Tuesday, November 04, 2008

Get out and Vote, America!



Remember, it was not until 1920 that women were granted the right to go to the polls and vote.  

The women were innocent and defenseless, but they were jailed nonetheless for picketing the White House, carrying signs asking for the vote. And by the end of the night, they were barely alive. Forty prison guards wielding clubs and their warden's blessing went on a rampage against the 33 women wrongly convicted of 'obstructing sidewalk traffic.'

They beat Lucy Burns, chained her hands to the cell bars above her head and left her hanging for the night, bleeding and gasping for air.

They hurled Dora Lewis into a dark cell, smashed her head against an iron bed and knocked her out cold.

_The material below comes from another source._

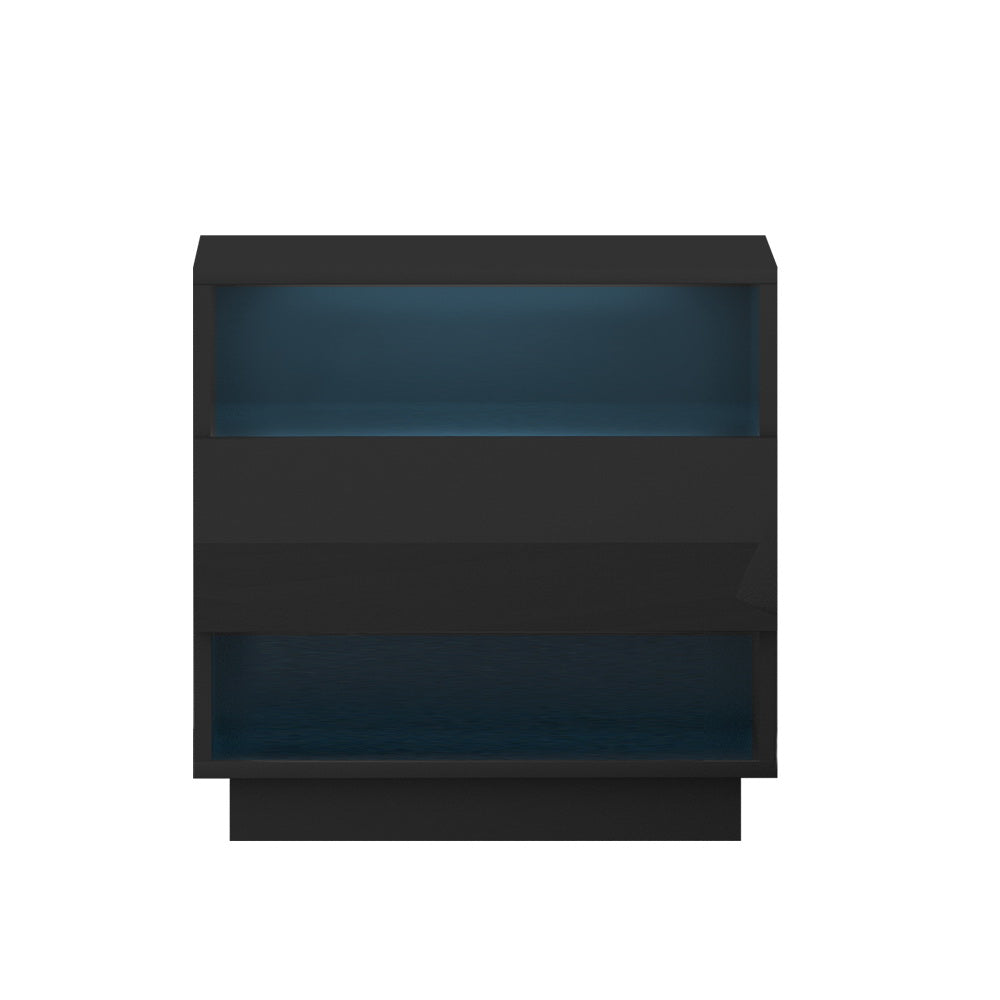 Artiss Bedside Tables Side Table RGB LED Drawers Nightstand High Gloss Black Artiss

Her cellmate, Alice Cosu, thought Lewis was dead and suffered a heart attack. Additional affidavits describe the guards grabbing, dragging, beating, choking, slamming, pinching, twisting and kicking the women. Thus unfolded the 'Night of Terror' on Nov. 15, 1917, when the warden at the Occoquan Workhouse in Virginia ordered his guards to teach a lesson to the suffragists imprisoned there because they dared to picket Woodrow Wilson's White House for the right to vote. For weeks, the women's only water came from an open pail. Their food--all of it colorless slop--was infested with worms.

When one of the leaders, Alice Paul, embarked on a hunger strike, they tied her to a chair, forced a tube down her throat and poured liquid into her until she vomited. She was tortured like this for weeks until word was smuggled out to the press.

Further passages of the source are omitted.